I have a confession to make: I'm very dumb. I think it was probably around issue 20 or so that I first thought, "Huh... you know, some of the people in The Four have some similarities to that other comic. You know, the Fantastic Four." Then I realized that, duh, The Four are very deliberately a riff on the Fantastic Four. And THEN I started realizing that a ton of stuff throughout the whole series is also inspired by other stuff - some comics, but also pulp novels ("Of COURSE that's Tarzan!") and movies ("Of COURSE that's Godzilla!") That also helped me re-interpret some of the earlier stuff in the book: we'd met Sherlock Holmes in flashback a while ago, and I'd thought that we were getting a glimpse at the fictional "real" Sherlock Holmes - that is, the real man behind the Arthur Conan Doyle stories.
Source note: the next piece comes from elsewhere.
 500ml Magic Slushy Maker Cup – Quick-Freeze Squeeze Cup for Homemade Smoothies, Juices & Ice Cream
By the end of the series, though, I'd come to believe that we were actually seeing an alternate universe's version of Sherlock Holmes.
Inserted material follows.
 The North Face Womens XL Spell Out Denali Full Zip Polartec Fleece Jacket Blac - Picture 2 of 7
That's where the story gets very meta, and very good. Stuff finally started sliding into place to me, and stuff that had seemed like nonsensical technobabble turned into incredibly clever post-modern comics writing. When they're talking about living in a three-dimensional world that's contained within a stack of two-dimensional worlds... they're talking about being characters in a comic book. That's SO COOL! I love their treatment of fiction, and the idea of characters moving from one story to another story, being transformed along the way.
MEGA SPOILERS
That very last issue was a doozy; I was surprised to see that it really was the end of the series, since in the first few pages it felt like something that would kick off an entirely new arc. I was VERY concerned that the time machine would open a portal to the evil Earth, and had a sinking feeling in my stomach when Drums starts tracing out the shape of the loop of light that would power the time machine; Jakita says something like, "I feel like I've seen that shape before..." and of course we have: it's the shape of the portal outside the evil Earth, and I can very easily imagine a version of the story where that space portal is the same as the one Drums is constructing now. Once it is turned on, if the "aliens" are EVER able to visit Earth, even millennia in the future, they'll be able to travel back in time to this moment and conquer the planet. Or - more unsettling - perhaps the "evil Earth" we saw before is THE Earth: it isn't so advanced because it has followed an alternate timeline; it's so advanced because future visitors have come back with their technology and made it so. There's a certain grim sense of inevitable annihilation to this scenario: in turning on the machine, Elijah could be enabling that other timeline in his own world, and creating a Hell on Earth.
Fortunately, I was wrong, and Ellis didn't screw over the universe in the very last pages of his closing issue.
Also: I loved the science of the time machine, which reminded me in a very good way of "Primer", which is hands-down the best time-travel story I've ever heard or seen. It feels like both of them are based on good science, very possibly the same science.
END SPOILERS
I have a hard time summing up or cataloging Planetary. It's much better and deeper than a superhero comic, but it also isn't trying to be a metaphor powerhouse like "Sandman," or as clearly idiosyncratic as "Bone." Its storytelling is a curiously pleasant blend of episodic and serial, not unlike what you might get from something like "X-Men," while simultaneously retaining an overall focus that keeps the story nicely contained, and not something that endlessly spills out. (Despite my curiosity at the last issue, the story does end rather nicely and definitely, and I don't feel dissatisfied that there won't be a sequel.) I have learned that there are a few one-shots, though, so I'll probably check those out and explore the world a little bit longer.